Uzm. Psikolog Esin ÖZER BAKIR

Çocuğum Neden İçe Kapanık ?

Her çocuk farklı kişilikle doğar ve zihinsel gelişimini zaman içerisinde tamamlar. Çocukta, kişilik gelişiminin belirgin olarak başladığı 2 yaşından itibaren farklı davranışlar göstermesi oldukça doğaldır. Çocuk, devamlı psikososyal bir gelişim gösterir. Normal sosyal gelişim içerisinde başta aile üyeleri olmak üzere diğer insanlar ile iletişim ve etkileşim önemlidir.

Bu normal gelişim için kaçınılmaz bir durumdur. Bazı çocuklar gerek kişilik özellikleri gerekse ikincil olarak etki eden faktörler sonucunda içe dönük, sosyal ortamlara ve alışılmadık mekanlara kolay adapte olamayan, genelde duygusal paylaşıma girmeyen, yabancı insanlardan tedirgin olan bir yapıda olabilirler. Bazı çocuklar, hareket ve davranışları ile etrafa neşe saçıp, kendinden emin davranışlar sergilerken, bazıları aile, arkadaş ve çevre ile ilişki kurmada zorluk çekebilirler.

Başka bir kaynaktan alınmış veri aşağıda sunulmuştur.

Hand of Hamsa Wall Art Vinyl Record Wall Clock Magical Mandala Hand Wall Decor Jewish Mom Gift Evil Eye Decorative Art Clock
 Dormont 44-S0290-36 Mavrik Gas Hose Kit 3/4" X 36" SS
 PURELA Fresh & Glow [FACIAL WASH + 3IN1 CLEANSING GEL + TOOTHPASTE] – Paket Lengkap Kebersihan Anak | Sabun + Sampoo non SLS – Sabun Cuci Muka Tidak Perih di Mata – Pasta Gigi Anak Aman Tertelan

İçe kapanık çocuklara ailenin yaklaşımı çok önemlidir. Öncelikle aileler bu durumun nedenlerini araştırmalıdır. Her bireyin başarılı olduğu alanlar vardır. Özellikle içe kapanık çocuğun bu yönü keşfedilmeli ve bu alana teşvik edilmeli, sevgiyle ödüllendirilmelidir. Çocuğun başarıları ve olumlu davranışlarının, sadece aile içinde değil, aile dışında da kendisinin duyacağı şekilde anlatılması ve övülmesi kendine olan güvenin artmasına yardımcı olacaktır.

Aile, çocuğa güvendiğini, ona değer verdiğini hem sözel hem de davranışsal olarak ifade etmelidir. Olumsuzlukları kesinlikle başkaları ile kıyaslanmamalıdır. Hangi yaşta olursa olsun, çocuğa sevginin, göz teması ya da dokunarak gösterilmesi gerekir. Evde ve diğer ortamlarda yalnız kalma süresi en aza indirilmelidir. Özellikle grup halinde yapılan folklor, koro, sportif faaliyetler veya yaşıtlarıyla periyodik görüşme etkinliklerine teşvik edilmelidir.

Böyle bir durumla karşı karşıya olan anne babalara;

  • Çocuğa sık sık söz hakkı tanımaları,
  • Hemen her konuda onun kendisini ve duygularını ifade etmesini sağlamaları,
  • Ona sık sık ne hissettiğini ve düşündüğünü sormaları,
  • Çocuğun kendisine değer vermeleri, konuştuğu zaman dinlemeleri,
  • Sık sık sosyal ortamlarla irtibatını sağlamaları,
  • Onu olduğu gibi kabul ederek sevgilerini sık sık belli etmeleri,
  • Çocuğun her şeyine müdahale etmeden ve çok müdahaleci olmadan onun kendini ortaya koymasını sağlamaları

önerilir.

Devam eden durumlarda bazı psikiyatrik tablolardan söz edilebilir. Bu durumun tedavisi gerekir. Özellikle okul çağı ile beraber sosyal ilişkilerde problem olmaması için durumun çözümlenmeye çalışılması önem kazanır.